Geographical

Want to see a better world?

Geotourism is a new movement that shows travellers how to improve the places they visit. Jay Walljasper tours Santiago, Chile, with Jonathan Tourtellot, the dedicated globetrotter who founded the movement
‘Get ready,’ Jonathan Tourtellot warns a crowd of US travel writers, ‘for tourism on steroids.’ A hush falls over the hotel conference room as he explains that international tourism almost doubled between 1990 and 2005. People are expected to take a billion trips outside their own countries in 2010; a billion and a half by 2015 as many Chinese join the travelling throngs. Multiply that by four or five, he calculates, to include people taking domestic vacations.

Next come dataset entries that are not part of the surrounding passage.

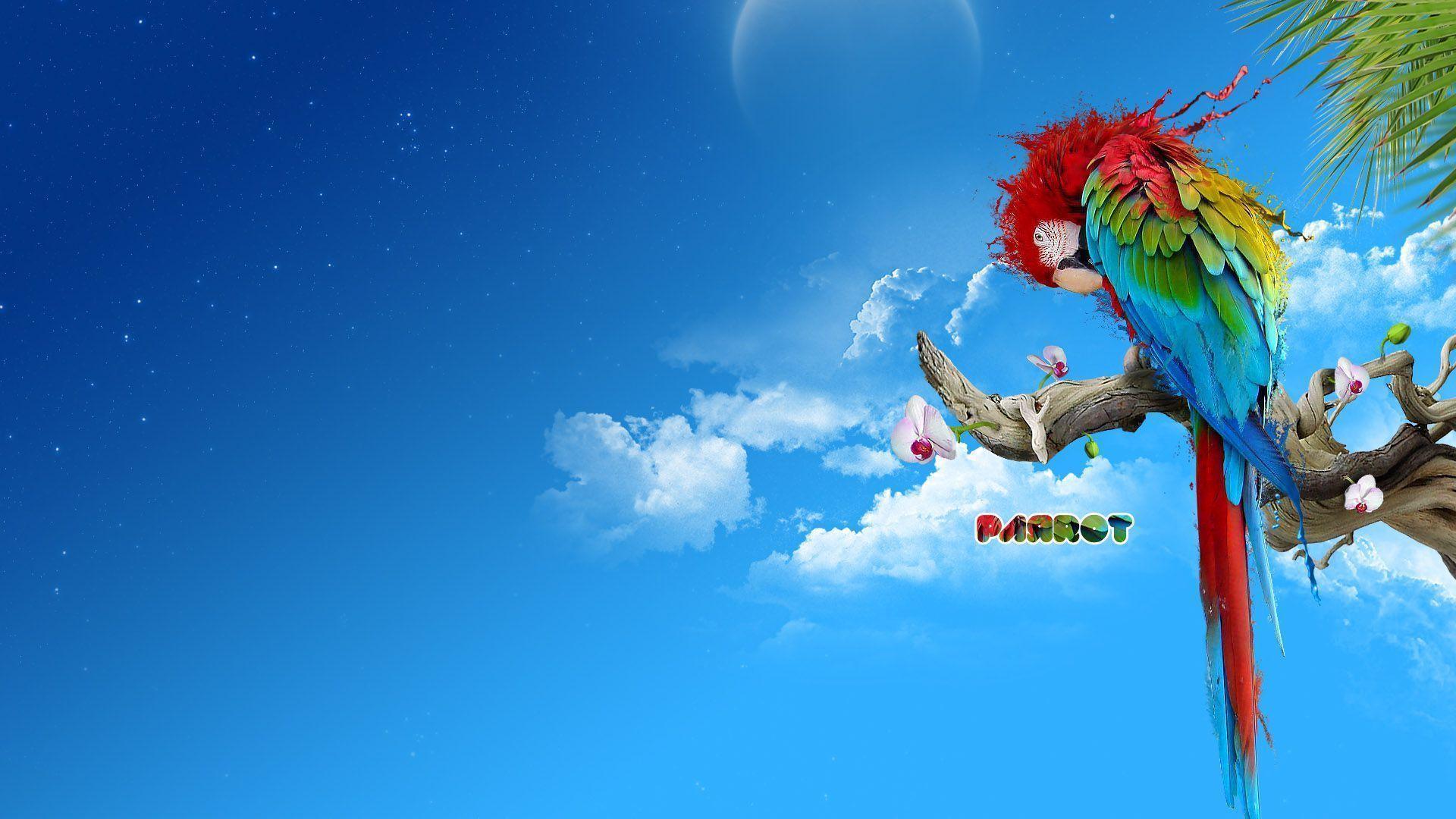 Beautiful Parrot HD Wallpaper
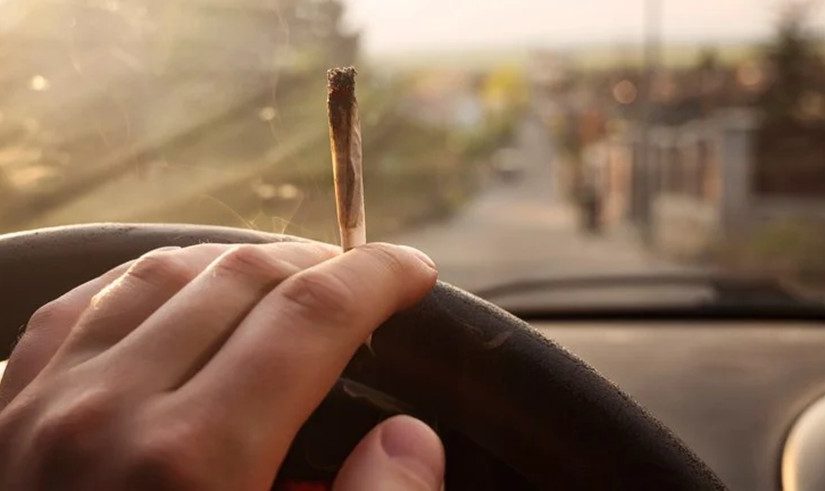 AAA Study Highlights Rising Concerns Over Cannabis-Impaired Driving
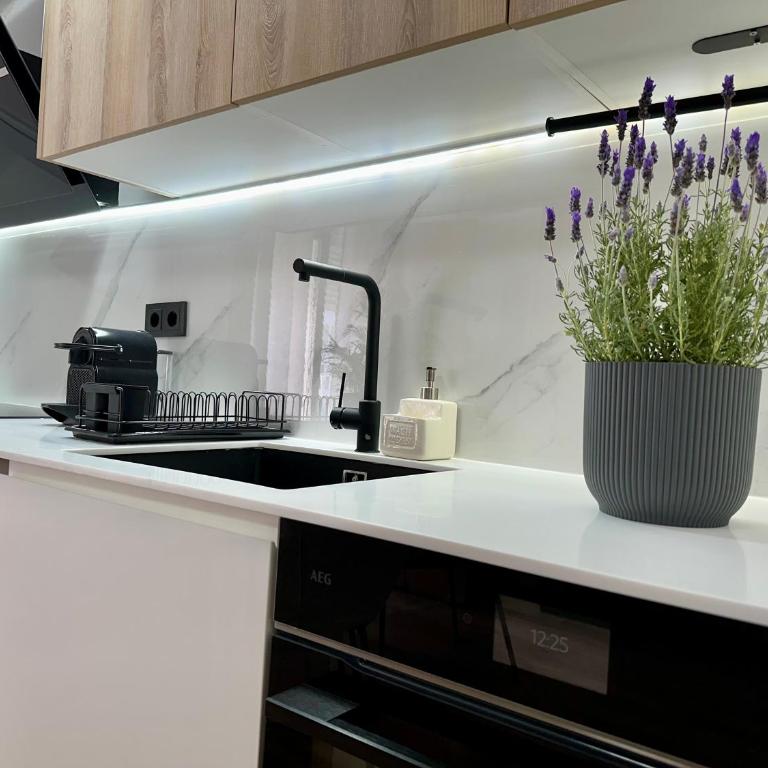 Apartamento moderno en el corazón de Ciutat Vella - Appartement 1 Chambre - 1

In less than a decade, we could see seven billion tourists roaming the planet.

‘Another way to look at it,’ he says, ‘is to realise that if four billion people decide to see the Mona Lisa, it would take 309 years, even with groups of 25 viewing it for one minute, 24 hours a day.’

Tourism on this scale threatens what’s special in the world. The Galápagos Islands are straining under the weight of invading tourist boats, he reports. The famous beaches of the Spain’s Costa del Sol might better be called the Costa del Concrete. ‘More ridiculously, a casino was proposed for Easter Island. Thankfully, I understand, that idea is dead.’

Yet Tourtellot is no Cassandra, fanning fears of a global tourist apocalypse. To reassure the nervous faces in the audience, he adds: ‘Vermont and Tuscany handle a lot of tourists, yet score well. It’s because the people who live there care about keeping the integrity of these places.’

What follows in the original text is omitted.